First Day of School Goes Smoothly for Thousands of Ventura Students


VENTURA — As the first day of school started for kindergartners at Elmhurst Elementary School on Tuesday, their tears quickly turned into smiles.

"I was sad because I didn't want my mom to go," said August Whitesell, 5. "Now I'm happy because I like my teacher and I made a friend."

Despite a few nervous kindergartners, Ventura smoothly welcomed back thousands of students Tuesday.

High schools in Oxnard and Camarillo opened Monday, and campuses in the east county districts of Simi Valley, Conejo Valley and Moorpark start today.

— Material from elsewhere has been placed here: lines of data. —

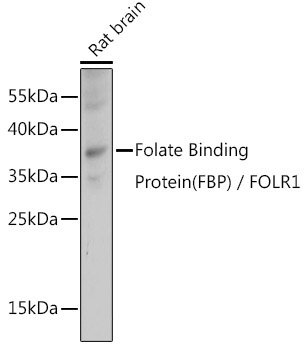 Folate Binding Protein(FBP) / FOLR1 Rabbit Polyclonal Antibody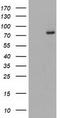 Complement C1s subcomponent antibody, TA503954, Origene, Western Blot image 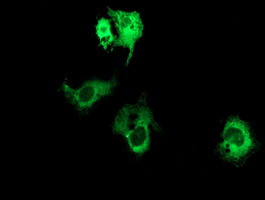PIK3AP1 Antibody in Immunocytochemistry (ICC/IF)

Students in several other Ventura County districts begin classes next week.

Elmhurst kindergarten teacher Lisa Stanley led her students on a tour of the classroom, pointing out the playhouse, the bathroom and the art center. When the kindergartners arrived at the classroom library, they immediately reached for the colorful books.

Stanley was quick to tell them what to do when they finish reading a book. "Do we just throw it on the floor?"

In response, several kids yelled, "No, we put them away."

Fellow teacher Tina Tyner said the first few weeks of kindergarten is all about making the students comfortable with being at school, and about teaching them rules and routines.

"It's not just the ABCs," Tyner said. "We're teaching them everything--how to wash their hands, hang up their clothes, tie their shoes, raise their hands."

Across the campus, fifth-graders in Judy Ketterling's class started their school year by experimenting with a sticky substance called "Ooblech." The students picked it up, squeezed it, smelled it and tried to figure out what was in it.

One group of girls jotted down the properties. Slimy. Greenish yellow. Stinky. Hard. Goopy.

Ketterling said the experiment is an attention-getting introduction to the scientific process. (By the way, the secret ingredients of ooblech are cornstarch and water).

One of Ketterling's students, Sunnie Beltran, 10, said she can't believe she finally started fifth grade.

"It's really cool," she said. "But we have to be, like, good, because the little kids are looking up to us."

High school students weren't as enthusiastic about the beginning of the 2000-01 year.

Freshman English teacher Jan Coultas asked her students to rate their first day at Buena High School from 1 to 10. Only a few students gave the day a high rating.

Coultas also spent her first day explaining rules to the freshmen. She told them they have to be prompt, prepared and polite.

"It's not going to be my responsibility to chase after you and tell you that you missed an assignment," she told the class of fidgety ninth-graders. "This is high school. You have to stay on top of this."

Stacie Duenez, 14, said she was anxious about starting high school because of the crowds and the harder classes. "It's a little scary," she said. "But I know if I focus, I can do it."

Buena Principal Mike Johnson said there were no major glitches on campus Tuesday, though the office staff kept busy with registration and scheduling.

"It was as perfect as it could be," Johnson said. "We're thrilled, because we are always a little anxious about the first day."

Back at Elmhurst Elementary, parents stood outside the kindergarten room waiting for the last bell to ring. Lisa Whitesell peeked in and waved to her daughter August.

"It's a little nerve-racking sending her off into her own little world," Whitesell said. "She is our only child, so it's a big to-do."